Captioned web image data:
════

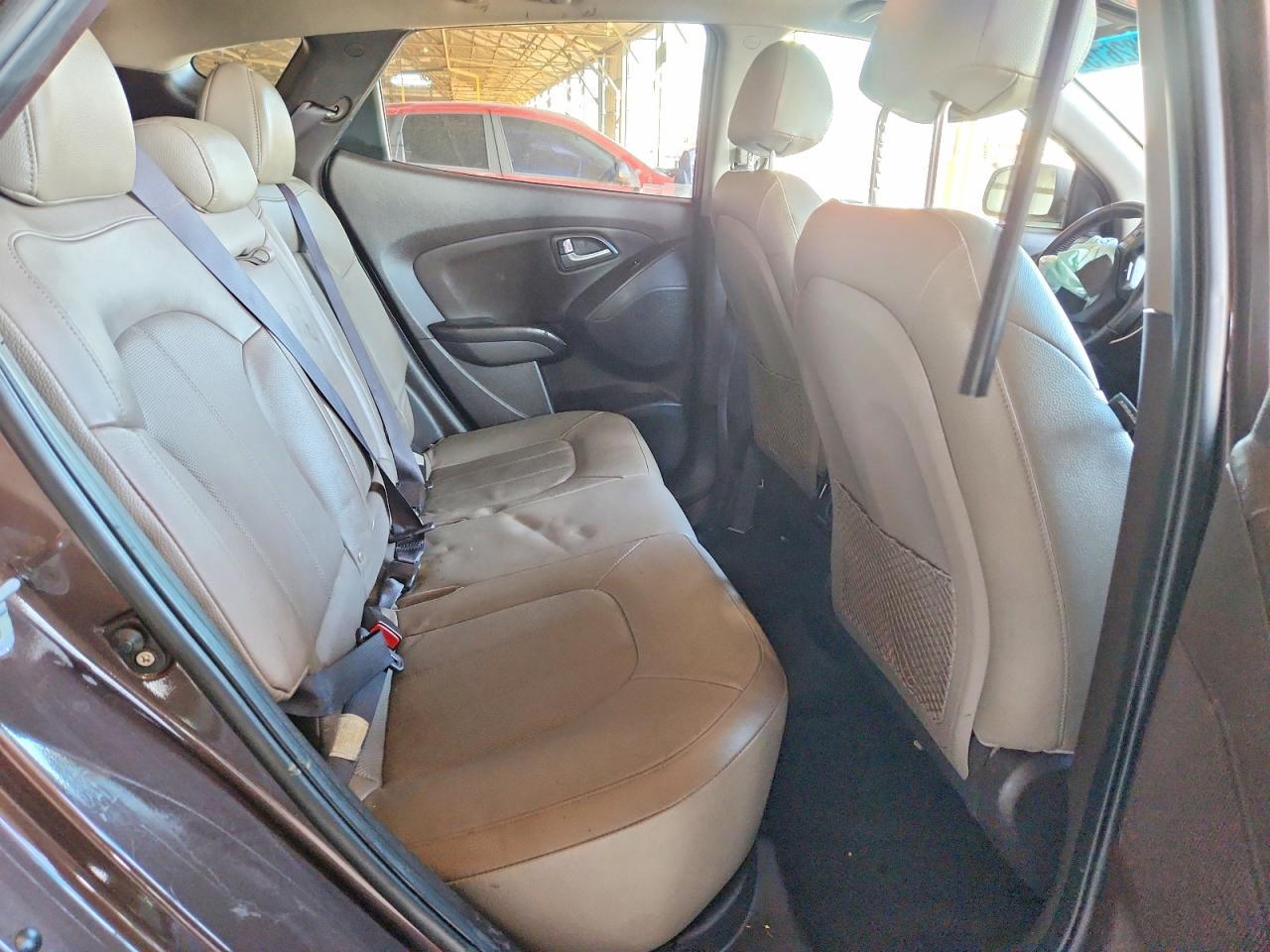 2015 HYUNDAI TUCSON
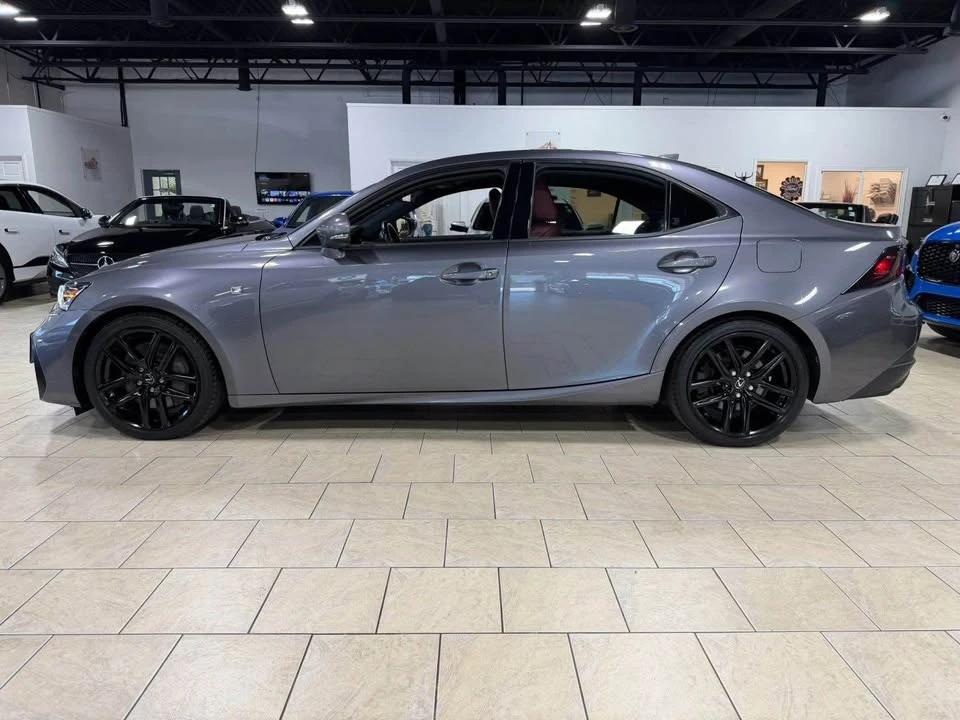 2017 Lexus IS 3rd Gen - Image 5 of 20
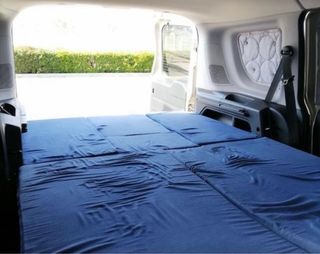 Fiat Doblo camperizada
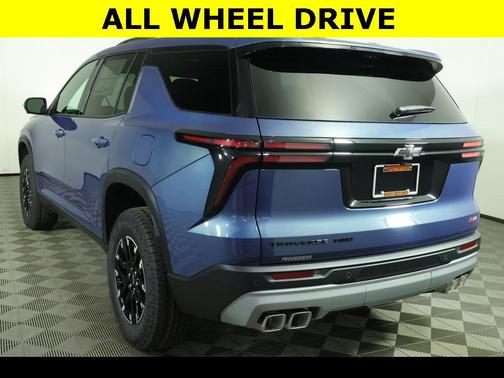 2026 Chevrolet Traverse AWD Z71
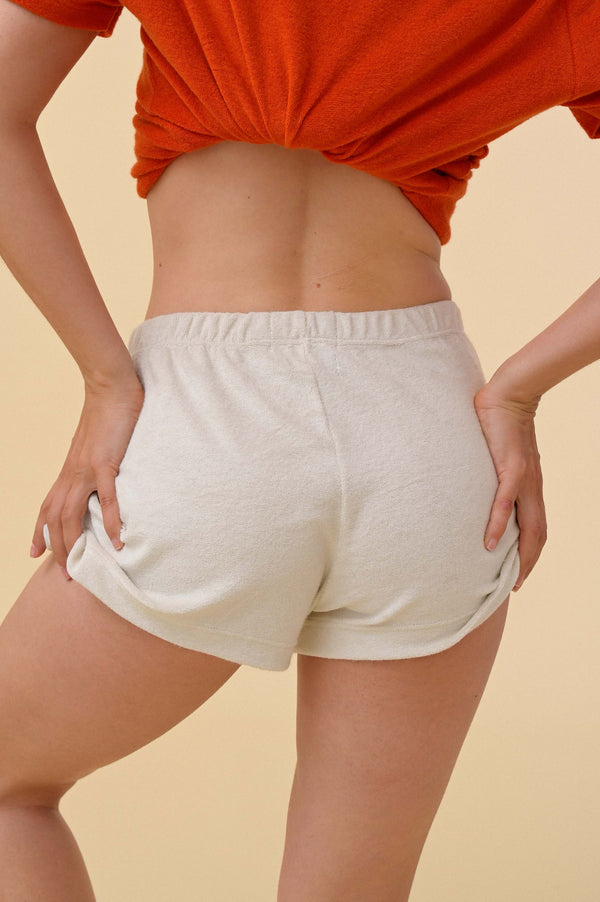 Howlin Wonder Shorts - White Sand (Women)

════

* GOAL OF THE EXERCISE
The line containing "Fiat Doblo camperizada" and every line after it, up to the last line of the data, should be returned exactly, without the pictures.

* YOUR SOLUTION
 Fiat Doblo camperizada
 2026 Chevrolet Traverse AWD Z71
 Howlin Wonder Shorts - White Sand (Women)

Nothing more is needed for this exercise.